In merito alla possibilità attribuita ai soci superstiti di proseguire con gli eredi ovvero liquidare loro la quota si è espressa anche la Suprema Corte con la sentenza n.3345 del 12 febbraio 2010, nella quale si legge “non ricollega direttamente alla morte del socio l’attribuzione ai soci superstiti della quota di partecipazione del defunto, ma consente che questa entri inizialmente nel patrimonio degli eredi, pur se connotata da un limite di trasferibilità dipendente dalla facoltà degli altri soci di acquisirla, in seguito, esercitando il diritto di opzione loro concesso in tal caso dallo statuto sociale” . Inoltre, con la più datata sentenza n. 3609 del 16 aprile 1994, la Cassazione aveva precisato che “il vincolo che ne deriva a carico reciprocamente dei soci è destinato a produrre effetti solo dopo il verificarsi della vicenda successoria e dopo il trasferimento (per legge o per testamento) delle azioni agli eredi, con la conseguenza che la morte di uno dei soci costituisce soltanto il momento a decorrere dal quale può essere esercitata l’opzione per l’acquisto suddetto, senza che ne risulti incisa la disciplina legale della delazione ereditaria o che si configurino gli estremi di un patto di consolidazione delle azioni fra soci. La clausola, insomma, si caratterizza come atto inter vivos, in quanto tale consentita dalla disciplina legale delle società di capitali, nella misura in cui questa non impedisca di sottoporre a particolari condizioni l’alienazione di azioni o quote di partecipazione societaria”.
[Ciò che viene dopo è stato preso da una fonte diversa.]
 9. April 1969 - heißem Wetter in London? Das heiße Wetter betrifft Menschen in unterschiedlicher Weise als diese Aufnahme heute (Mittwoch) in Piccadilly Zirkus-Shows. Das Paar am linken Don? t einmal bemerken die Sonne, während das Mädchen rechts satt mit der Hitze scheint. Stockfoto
Pertanto, l’opzione esercitata dal socio superstite non ha come finalità quella di impedire il trasferimento mortis causa all’erede della quota, che entra nel patrimonio dello stesso a seguito della morte del socio defunto, ma configura un’ipotesi di acquisto della quota da parte dello stesso socio superstite con estromissione dell’erede dalla compagine sociale, a fronte del quale viene corrisposta una somma in denaro.

La cessione di quote sociali con liquidazione dell’importo, quindi, non assume rilievo ai fini successori poiché attiene ad una vicenda che riguarda gli eredi del de cuius come soci della società e non come eredi.